Recientemente, mientras iba por la carretera, adelanté a un ciclista perfectamente uniformado. Me llamó la atención su vestimenta especialmente preparada para protegerle de las inclemencias del tiempo y de las incomodidades de la marcha en bicicleta. Pero también su colorido y sus distintivos de pertenencia a un determinado club deportivo. Me imaginaba a este ciclista en el momento de vestirse su uniforme y su preparación mental y especial disposición para la práctica de este duro deporte. Veía cómo esta persona poco a poco dejaba su ropa de calle y se cubría con la vestimenta que le distingue como ciclista. Cierto es que como dice el refrán el hábito no hace al monje, pero no cabe duda de que cuando uno se pone la ropa para la práctica de un deporte, desde ese mismo momento uno empieza a representar un papel, a distinguirse entre los demás y a exigirse a uno mismo para estar a la altura de lo que esa ropa representa.
De igual manera, me imaginaba a los integrantes de un equipo de fútbol como los que hemos visto hace pocas semanas en esa especie de rito en el que dejan de ser personas corrientes vestidos con ropa de calle para vestirse con unos colores con los que tantos cientos de miles de seguidores se identifican. O el rito del momento en el que un torero se viste esa ropa tradicional para el acto de enfrentarse ante la muerte en un ruedo, rito que algunos realizan por última vez. O también, por qué no, me imaginaba el momento en el que tantos miles, millones de trabajadores se ponen un uniforme que les distingue e identifica con una empresa, con un proyecto, con un trabajo. De alguna manera es también un rito que marca un acto de identificación y representación de una imagen grupal, de un conjunto de hombres.
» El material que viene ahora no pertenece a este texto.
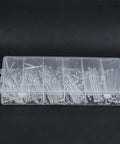Heavy Duty Split Pin Assortment Kit With 556 Rust Resistant Cotter Pins In Various Sizes displayed in a clear storage case.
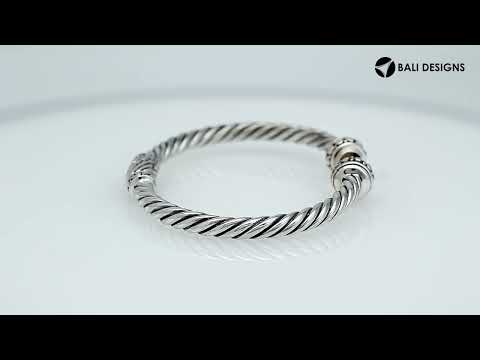 Sterling silver Balinese cuff bangle with round citrine quartz and twisted rope design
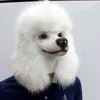 Party Masks Christmas White Poodle Dog Head Party Mask Latex med ytterligare djur 220823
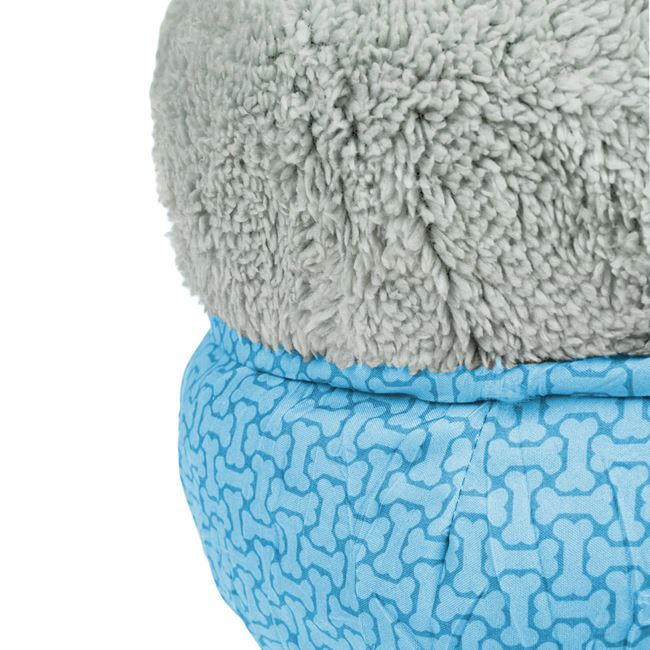 Culcus rotund pentru animale din blana artificiala,blue-gri,50x25 cm [3]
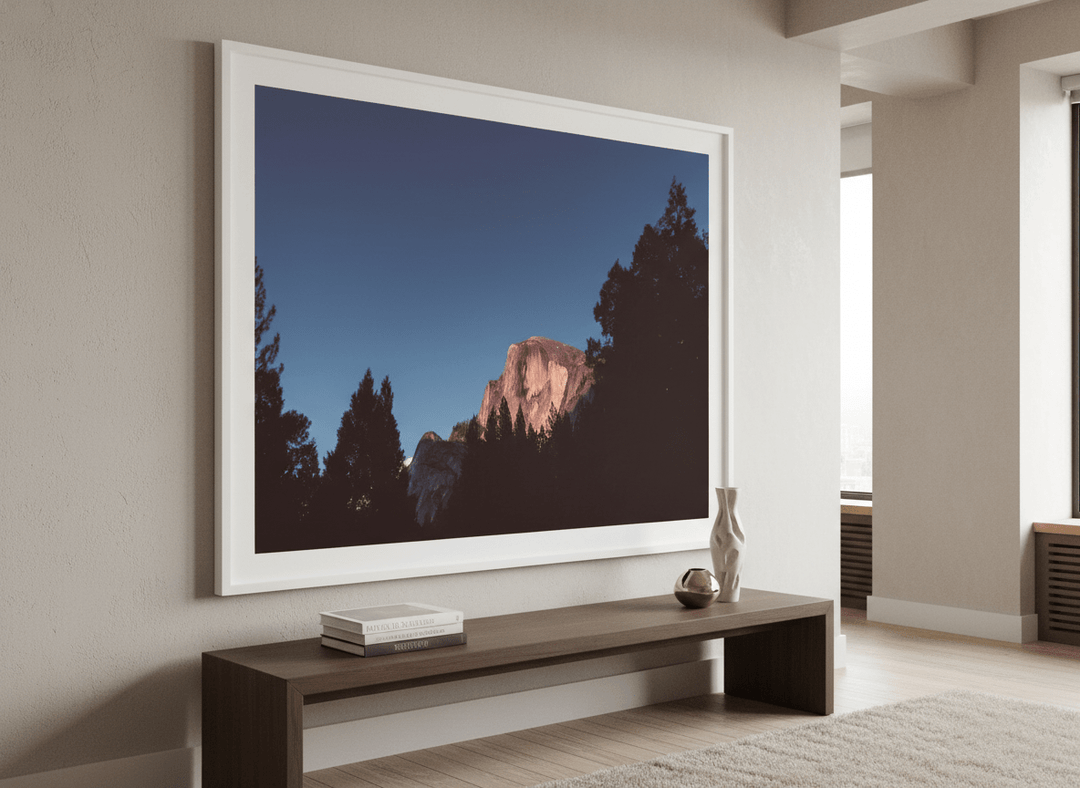 Monumental artwork centred on a feature wall in a luxe interior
Al pensar así me pregunté: ¿y cuál es el uniforme que distingue al filósofo?, ¿cuál es la vestimenta que el filósofo se pone cuando ejerce de lo que es? No, no es la toga de griegos o romanos, ni la túnica de lino de los egipcios o el hábito de franciscanos o benedictinos en el Medievo cristiano. Incluso tampoco es ese jersey de cuello alto con que asociamos a los pensadores marxistas de los años 60.
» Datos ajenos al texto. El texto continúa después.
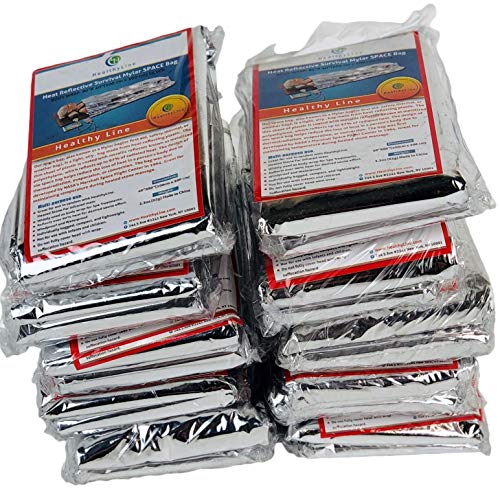 HealthyLine - Sacos de dormir térmicos de Mylar de emergencia (paquete de 10) para experiencia de sauna de desintoxicación y pérdida de peso, terapia de infrarrojos lejanos, retiene hasta el 97% del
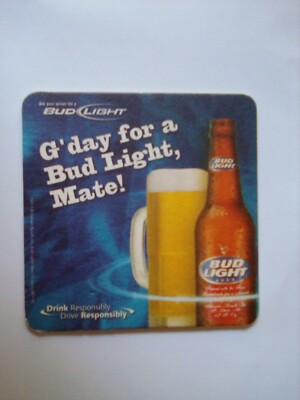 Bud Light American Beer Beermat Beer Coaster, Beer Lid 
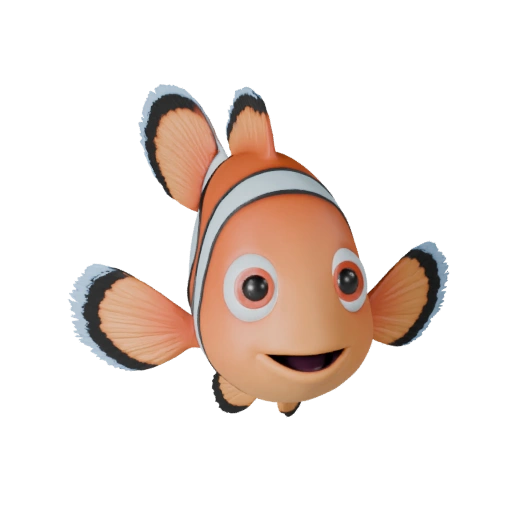 Мультяшная рыба-клоун 3D модель - Стилизованный ассет для анимации | PBR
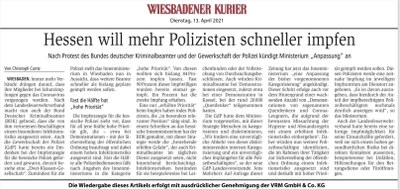 Protest des BDK Hessen erfolgreich - Impfstrategie wird ausgeweitet Protest des BDK Hessen erfolgreich - Impfstrategie wird ausgeweitet
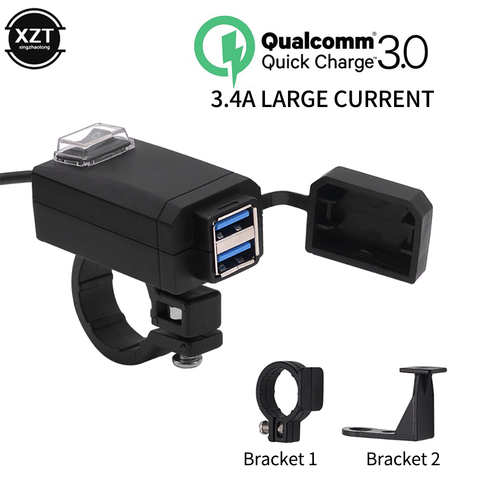 Universal QC3.0 USB Motorcycle Charger Waterproof Dual USB Quick Change 12V Power Supply Adapter for iphone Samsung Huawei ► Photo 1/6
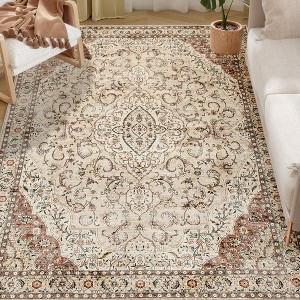 HOMCOM Area Rug 5x7, Machine Washable Rug, Non-Slip Classical Floral Print Floor Carpet for Living Room, Bedroom, Dining Room, Mixed-Brown - 1 of 4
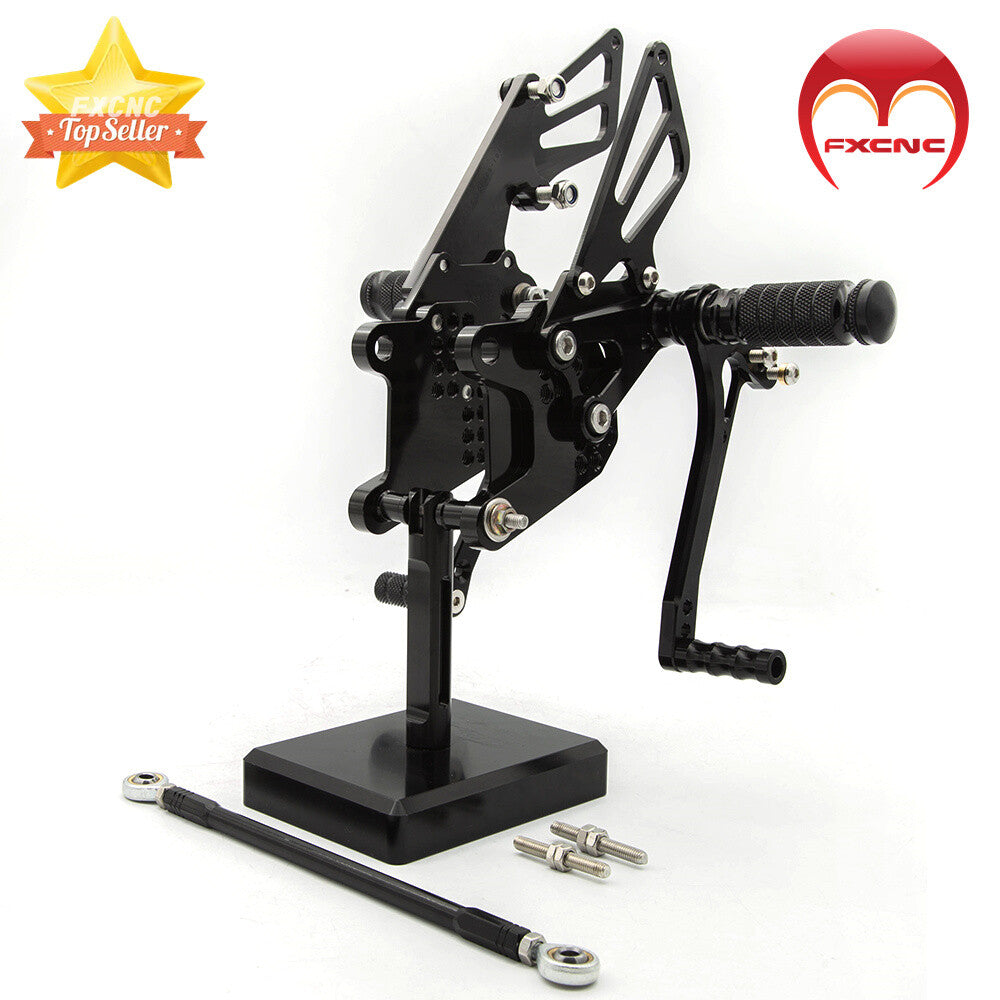 CNC footstool, foot spikes, and rear wheel pedals for Kawasaki ZX10R models from 2006 to 2010.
La verdadera vestimenta del filósofo es lo que le distingue como hombre, lo que le hace ser un continuo buscador, un amante necesitado de la sabiduría. Un eterno buscador inconformista pero lleno de alegría cuando sabe que está en el buen camino. Y si no es así, con la valentía de reconocer el error y rápidamente, con alegría, volver a ponerse de nuevo en camino.